Dylan Thomas, Dante, Edgar Alan Poe, Neruda sigh I could go on I do enjoy the Song of Songs author unknown, once a year just sit down with and find the time to ponder its meaning. 

I wish I had more time for such simple pleasures.


----------



## anglophile23 (Jan 25, 2007)

ajo said:


> I had a big thing for e e cummings during a particular period of my life.
> 
> T S Eliott and I are very well acquainted I have a 1951 Penguin which is very thumbed, one night I actually got up at a dinner party and recited The Love Song of J Alfred Prufrock. Particular poems of Black I could recite.
> 
> ...


If you don't have time for poetry try this


----------



## Good Old Sledge (Jun 13, 2006)

Percy Bysshe Shelley, Pable Neruda, Vergil, Dante (alas, I can read only in English) are great fireside friends, but somehow Kipling always winds up at the top of the stack for me.


----------



## turban1 (May 29, 2008)

*oops*



Good Old Sledge said:


> Percy Bysshe Shelley, Pable Neruda, Vergil, Dante (alas, I can read only in English) are great fireside friends, but somehow Kipling always winds up at the top of the stack for me.

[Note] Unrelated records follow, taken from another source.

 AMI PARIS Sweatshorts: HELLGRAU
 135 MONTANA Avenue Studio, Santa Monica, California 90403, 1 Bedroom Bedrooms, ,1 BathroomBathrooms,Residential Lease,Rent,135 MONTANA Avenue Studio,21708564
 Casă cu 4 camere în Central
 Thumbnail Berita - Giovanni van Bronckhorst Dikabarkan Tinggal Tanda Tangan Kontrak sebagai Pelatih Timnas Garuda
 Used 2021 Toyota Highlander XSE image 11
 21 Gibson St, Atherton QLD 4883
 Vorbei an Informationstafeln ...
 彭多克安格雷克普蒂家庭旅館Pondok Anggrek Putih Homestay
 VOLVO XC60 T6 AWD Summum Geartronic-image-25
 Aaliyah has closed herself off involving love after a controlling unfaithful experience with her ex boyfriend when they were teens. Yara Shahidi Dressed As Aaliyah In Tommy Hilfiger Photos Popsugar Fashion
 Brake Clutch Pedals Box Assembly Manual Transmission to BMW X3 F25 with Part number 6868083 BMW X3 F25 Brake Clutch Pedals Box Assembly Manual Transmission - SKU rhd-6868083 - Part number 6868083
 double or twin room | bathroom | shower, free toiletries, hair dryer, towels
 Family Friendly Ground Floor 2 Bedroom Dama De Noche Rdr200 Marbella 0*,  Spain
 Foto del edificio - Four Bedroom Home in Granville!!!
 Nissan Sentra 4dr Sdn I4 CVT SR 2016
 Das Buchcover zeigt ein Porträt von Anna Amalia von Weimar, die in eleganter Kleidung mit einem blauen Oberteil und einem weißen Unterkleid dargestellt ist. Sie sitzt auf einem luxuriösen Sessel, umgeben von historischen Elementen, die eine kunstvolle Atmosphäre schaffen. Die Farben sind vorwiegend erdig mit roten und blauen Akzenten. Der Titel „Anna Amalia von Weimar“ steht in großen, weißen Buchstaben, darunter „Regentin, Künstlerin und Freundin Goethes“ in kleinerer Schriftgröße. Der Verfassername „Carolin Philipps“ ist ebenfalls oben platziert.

sorry, move him to no.2 on my list.


----------



## Liberty Ship (Jan 26, 2006)

I always return to Keats.


----------



## ajo (Oct 22, 2007)

Liberty Ship said:


> I always return to Keats.


I know what you mean I have a copy of The Second Coming on my desktop, mind you there are others but there is something particular about that poem which draws me back.


----------



## DCLawyer68 (Jun 1, 2009)

turban1 said:


> have you a favourite poet or poets? by that i mean ones that you like to read again and again, rather than ones that the literati declare to be best.
> 
> mine?
> 
> ...


I would have thought you a Kipling man. I've never been great at verse, but recall liking Longfellow and Wordsworth when we studied English lit in school


----------



## Ekphrastic (Oct 4, 2009)

I tend toward the contemporary poets, myself (not to diminish those of yesteryear, of course): Kimberly Johnson, Jay Hopler, Frank Bidart. James Galvin is amazing. Louise Gluck has an elegance and effortlessness to her verse. Galway Kinnell is usually known for his earlier stuff, but his recent stuff isn't bad.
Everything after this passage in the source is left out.